Healthcare News & Insights

Study: Electronic checklist can reduce medication errors

Aside from reducing costs, one of the top benefits of health IT is that it can help providers improve patient safety. One recent study shows the success of a hospital’s efforts to reduce dangerous medication errors. 

One tool health IT systems often provide to help avoid errors is an electronic alert system that warns doctors when they place an order in an electronic physician order entry (EPOE) system for medications patients are allergic to or that conflict with medications the patient is already taking.

However, for those alerts to work properly, the system must contain accurate and up-to-date information about the medications patients are taking. That can be difficult in cases of patients taking multiple medications or in emergency situations when data must be collected quickly.

One practice that can help is to use an electronic questionnaire to collect accurate medication information from patients, according to a recent study published in Perspectives in Health Information Management.

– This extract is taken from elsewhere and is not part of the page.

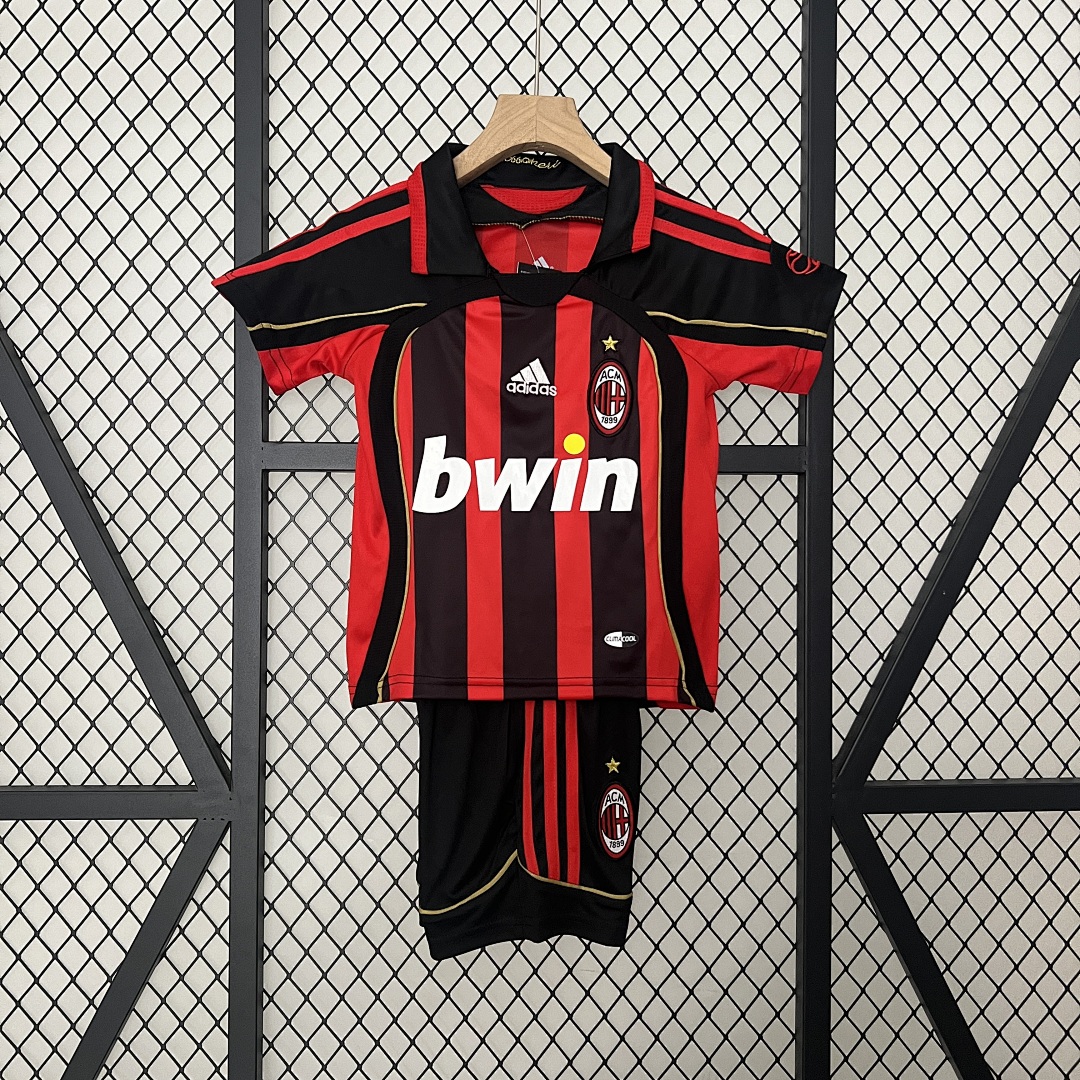 kids AC Milan06/07 home size: 16-28 8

Researchers from Texas State University-San Marcos studied eight nurses who took medication histories from 64 patients age 65 and over who were taking at least five medications. Before they were discharged, the patients were interviewed about the medications they were taking. Medication histories were recorded using both a handwritten process and an electronic checklist of prescriptions. Half of the patients used the handwritten documentation first, followed by the electronic checklist, and for the other half, the order was reversed.

Those medication histories were then compared to what was already documented in the patients’ electronic medical records, accounting for new medications prescribed during the patient’s hospital stay. The results: The medication histories created with the electronic questionnaires had a lower error rate than those created with the paper system.

Why were those histories more accurate? Researchers speculated it may have been because the checklist eliminated the chances of handwriting errors, and it had the names of medications listed, so patients were less likely to forget about a prescription.